## GIVEN ENTRIES
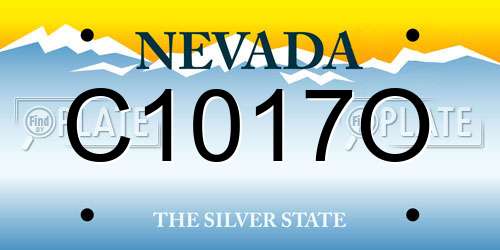 C1017O Nevada License Plate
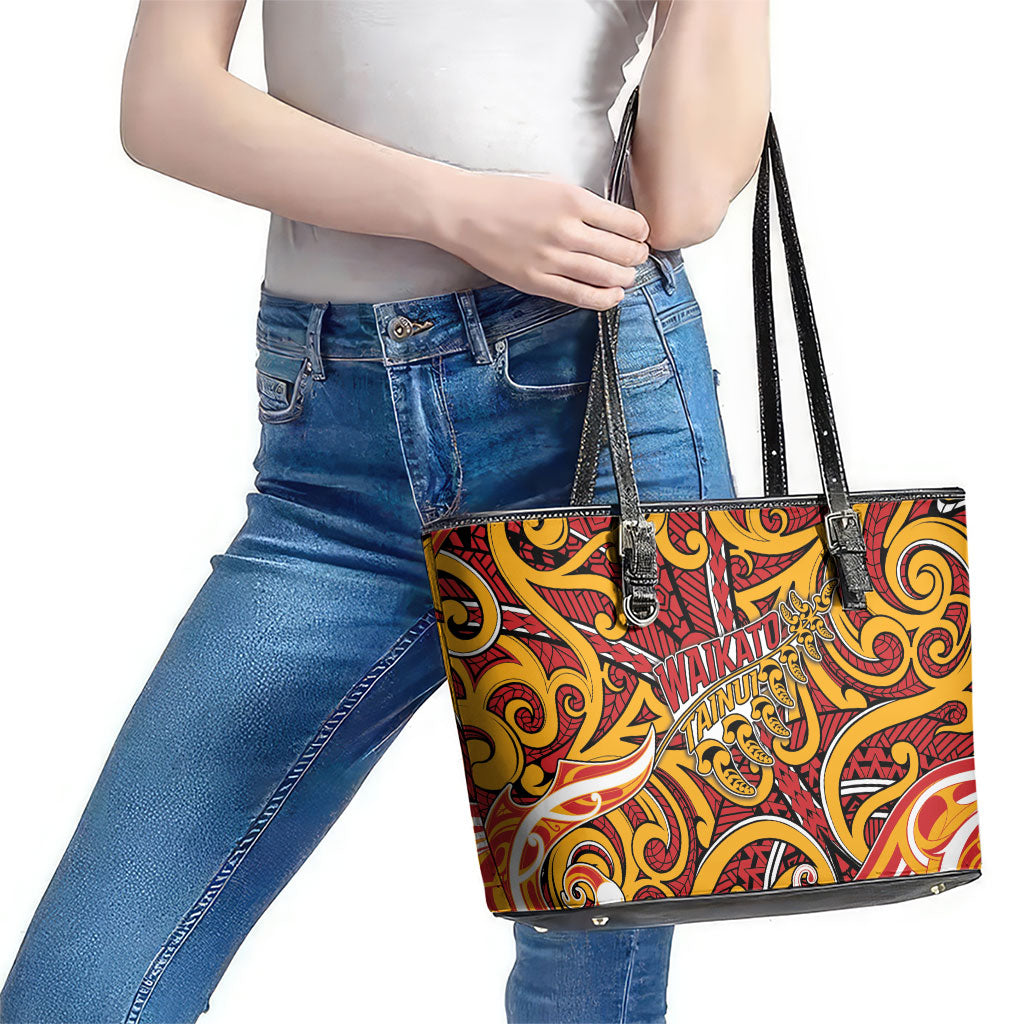 Aotearoa Waikato Tainui Leather Tote Bag Maori Tribal Pattern Koru Motif DT05 - Polynesian Pride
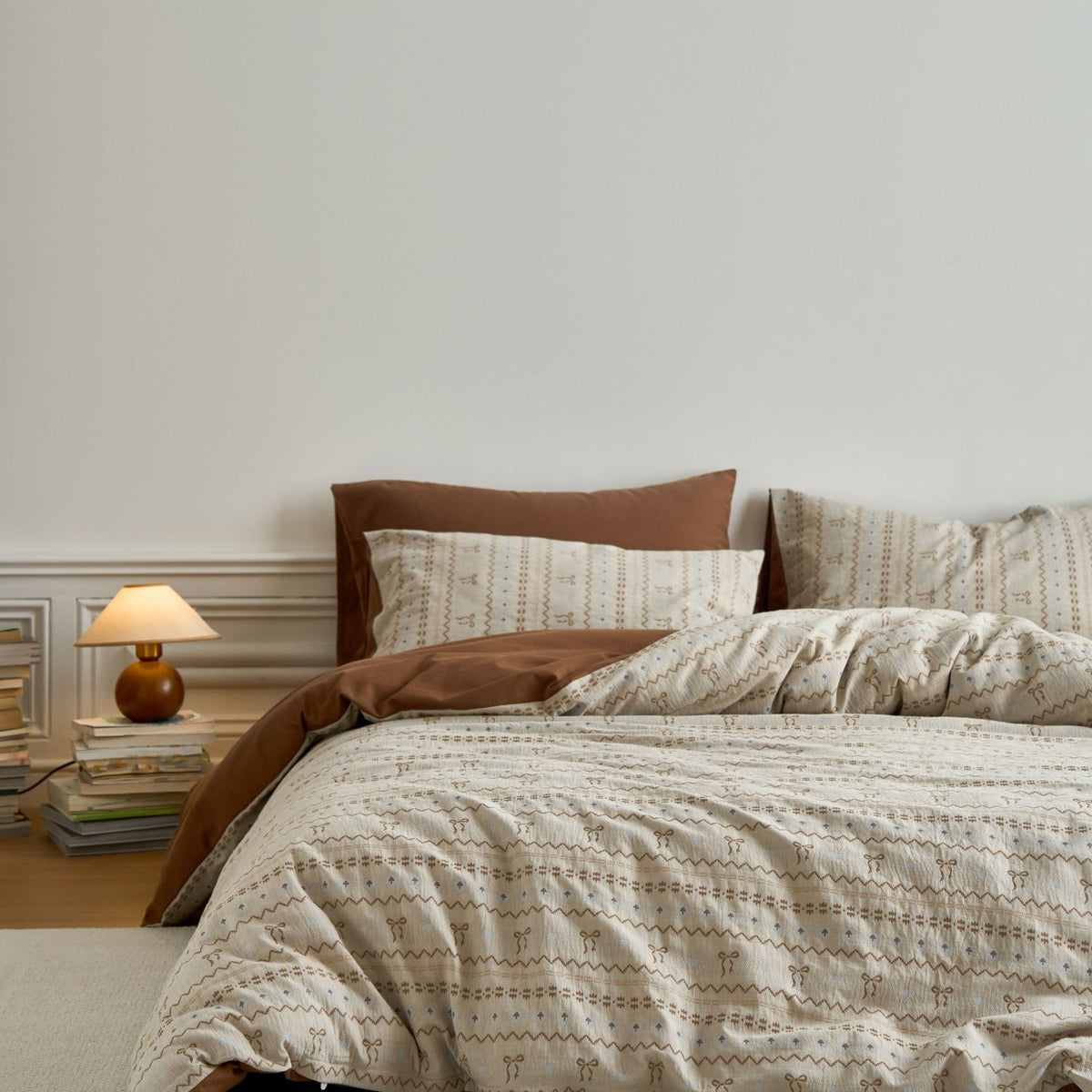 Bedding set made of cotton percale with fine ornamental print — product view 4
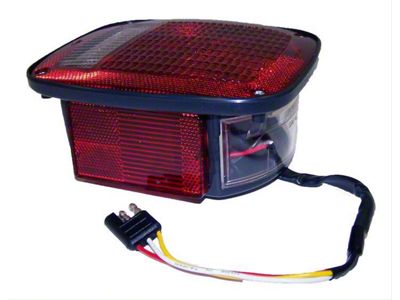 Tail Light; Chrome Housing; Red Lens; Driver Side (81-86 Jeep CJ7; 81-83 CJ5)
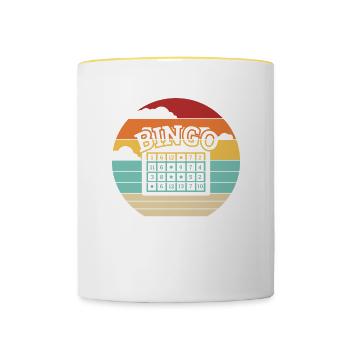 Retro Professional Caller Daubers Bingo Lover - Contrasting Mug - white/yellow - Front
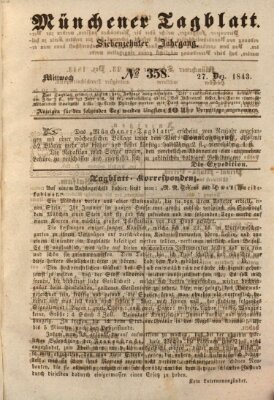 Münchener Tagblatt Mittwoch 27. Dezember 1843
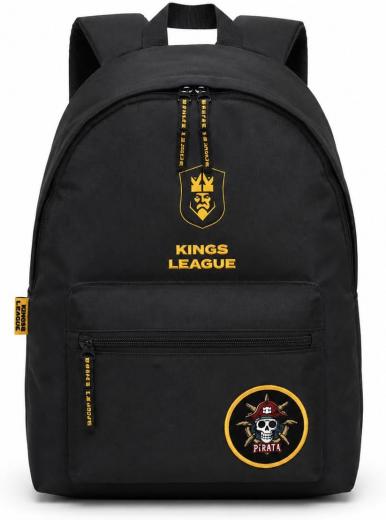 Zaino Kings League Nero con Logo Ufficiale, Tasca Frontale con Zip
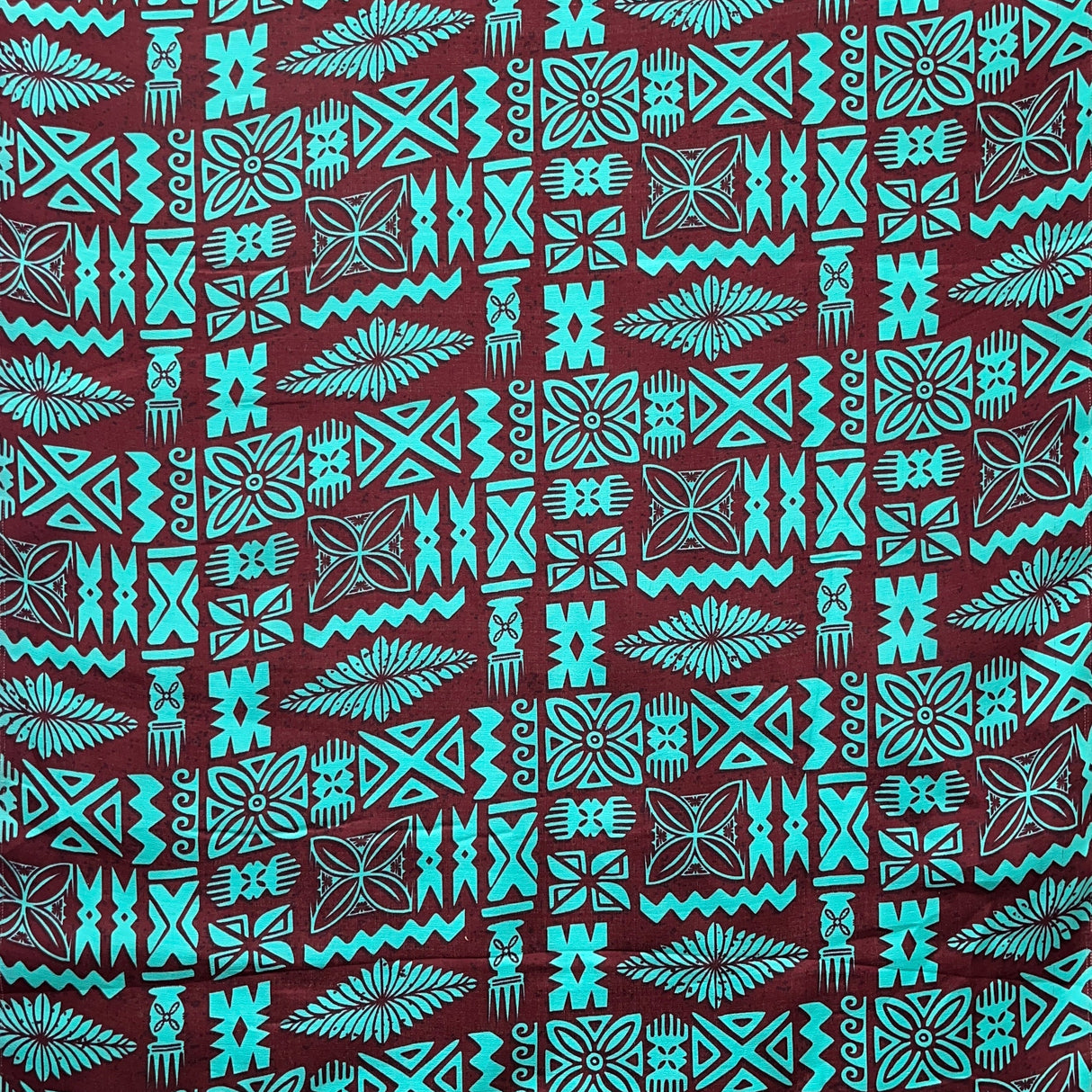 Tribal Tapa Cotton Barkcloth Fabric - Tongan Kupesi Pattern, 45" Width (1 Yard)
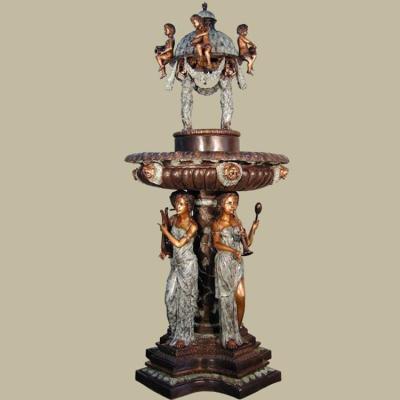 China Madame Garden Statue Fountain of China Lion Head Water Bronze Nude for sale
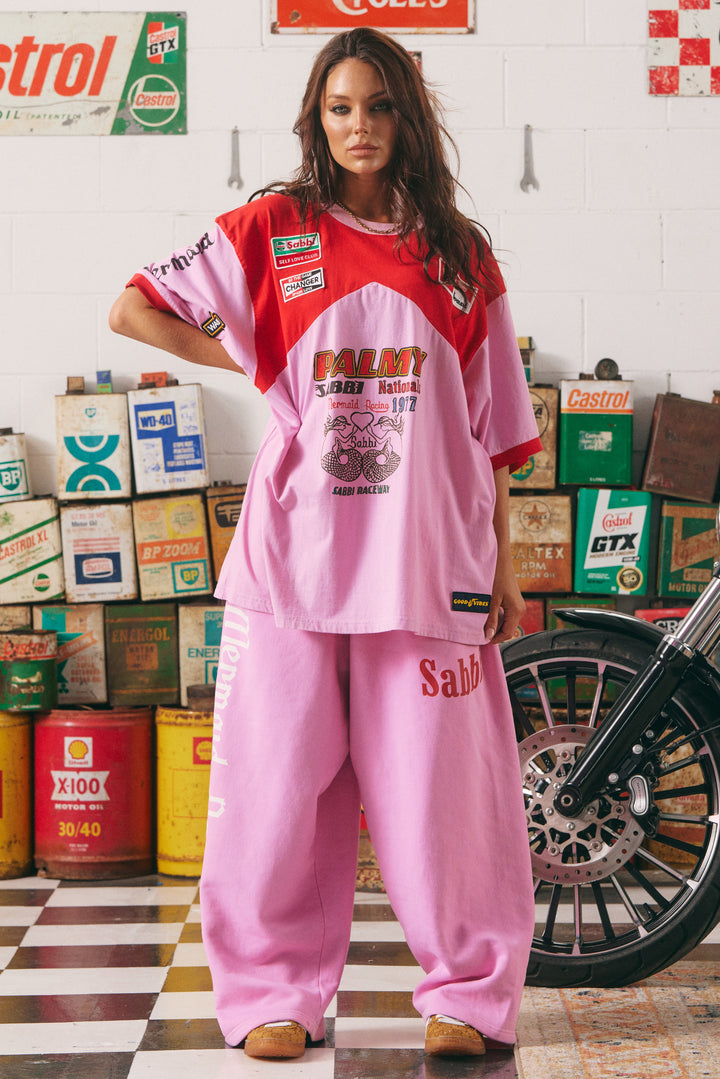 THE VERY OVERSIZED MERMAID RACING TEE- PINK & RED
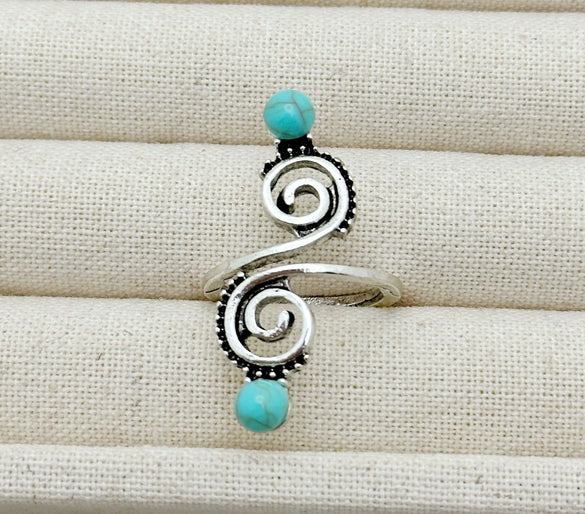 Retro Geometric Alloy Ring Set With Turquoise Inlays Carved Patterns And Polished Electroplated Finish For Unisex Fashion Accessories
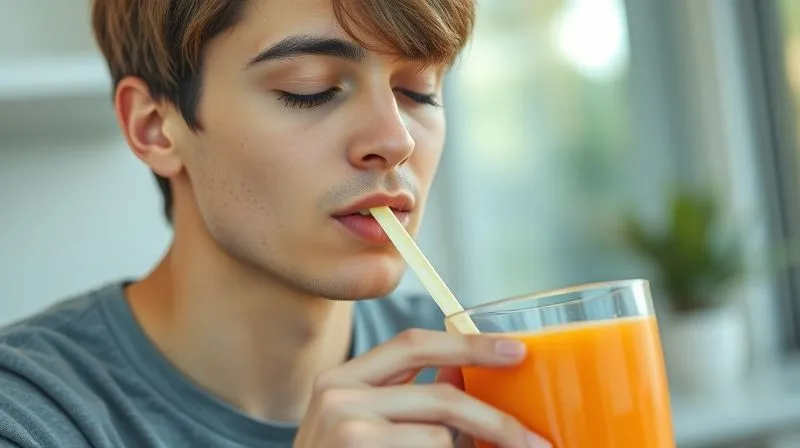 Photorealistic, professional photography of a person slowly sipping a vibrant orange smoothie from a glass with a straw, their eyes closed in satisfaction. The background shows a bright, modern kitchen or a sunny balcony, conveying a sense of calm and well-being. The focus is on the person and the smoothie, with a soft blur in the background. 8K, cinematic lighting, sharp detail.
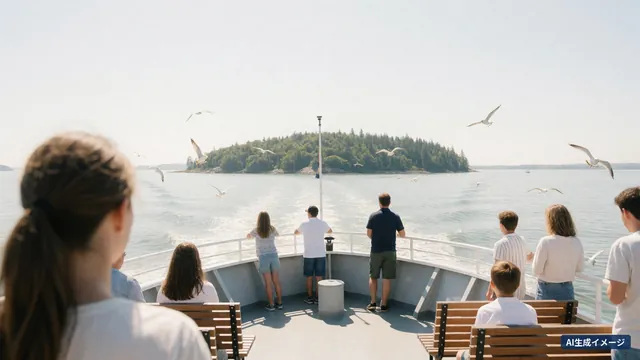 A family looking at Miyajima from the upper deck of a ferry (AI-generated image)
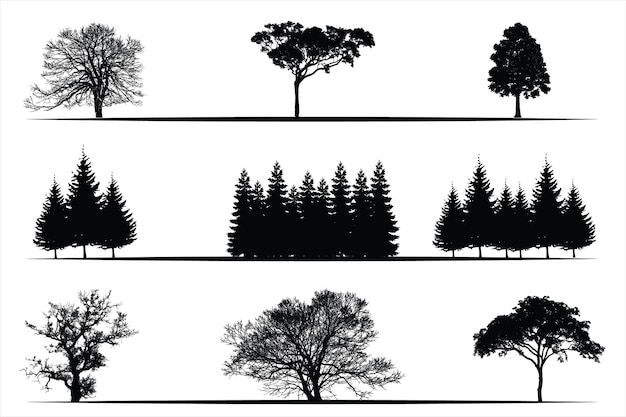 Tree silhouettes set, Vintage trees and forest silhouettes Collection in monochrome style isolated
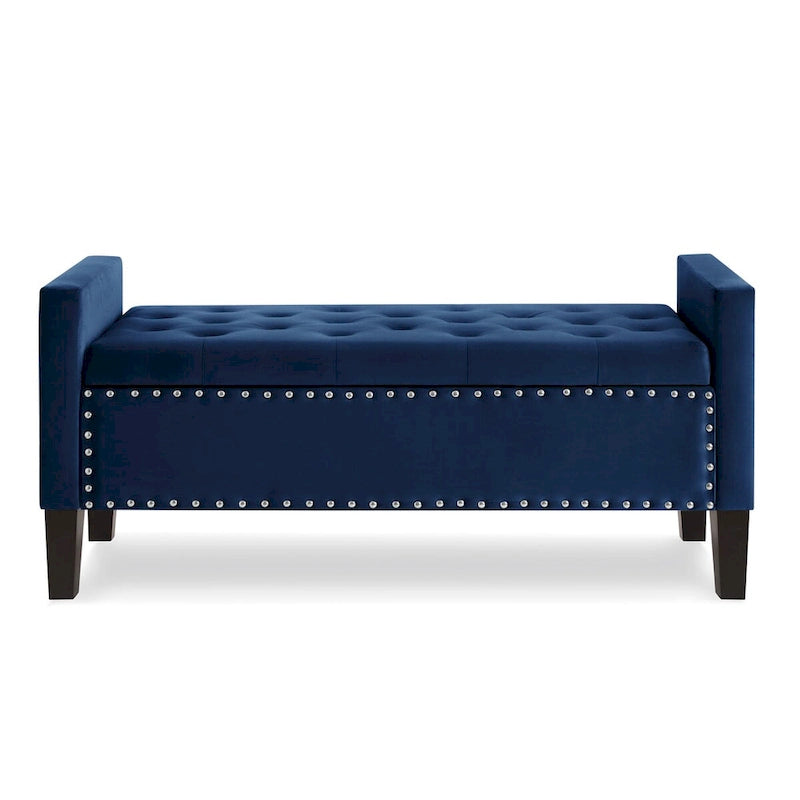 GEITIN Upholstered Tufted Button Storage Bench with Nails Trim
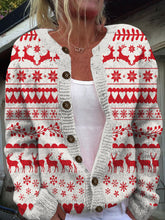 Load image into Gallery viewer, Women&#39;s Retro Christmas Style Print Cardigan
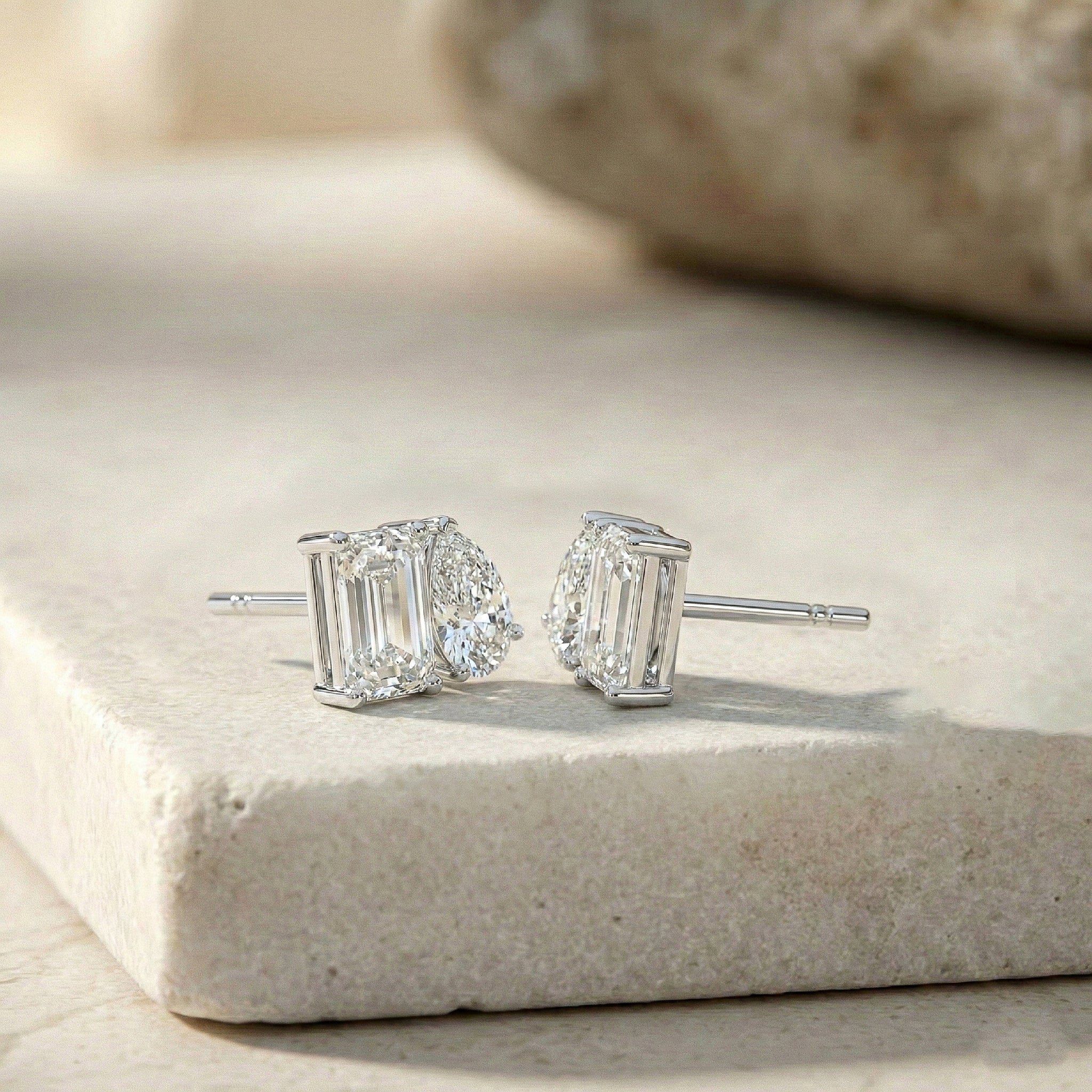 Simulated Diamond Pear and Octagon Stud Earrings in 925 Sterling Silver 6*4MM 2ct - Image 2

## WHAT IS NEEDED
Reproduce the whole listing above word for word, dropping each image.

## SOLUTION TO THIS EXERCISE
 C1017O Nevada License Plate
 Aotearoa Waikato Tainui Leather Tote Bag Maori Tribal Pattern Koru Motif DT05 - Polynesian Pride
 Bedding set made of cotton percale with fine ornamental print — product view 4
 Tail Light; Chrome Housing; Red Lens; Driver Side (81-86 Jeep CJ7; 81-83 CJ5)
 Retro Professional Caller Daubers Bingo Lover - Contrasting Mug - white/yellow - Front
 Münchener Tagblatt Mittwoch 27. Dezember 1843
 Zaino Kings League Nero con Logo Ufficiale, Tasca Frontale con Zip
 Tribal Tapa Cotton Barkcloth Fabric - Tongan Kupesi Pattern, 45" Width (1 Yard)
 China Madame Garden Statue Fountain of China Lion Head Water Bronze Nude for sale
 THE VERY OVERSIZED MERMAID RACING TEE- PINK & RED
 Retro Geometric Alloy Ring Set With Turquoise Inlays Carved Patterns And Polished Electroplated Finish For Unisex Fashion Accessories
 Photorealistic, professional photography of a person slowly sipping a vibrant orange smoothie from a glass with a straw, their eyes closed in satisfaction. The background shows a bright, modern kitchen or a sunny balcony, conveying a sense of calm and well-being. The focus is on the person and the smoothie, with a soft blur in the background. 8K, cinematic lighting, sharp detail.
 A family looking at Miyajima from the upper deck of a ferry (AI-generated image)
 Tree silhouettes set, Vintage trees and forest silhouettes Collection in monochrome style isolated
 GEITIN Upholstered Tufted Button Storage Bench with Nails Trim
 Load image into Gallery viewer, Women&#39;s Retro Christmas Style Print Cardigan
 Simulated Diamond Pear and Octagon Stud Earrings in 925 Sterling Silver 6*4MM 2ct - Image 2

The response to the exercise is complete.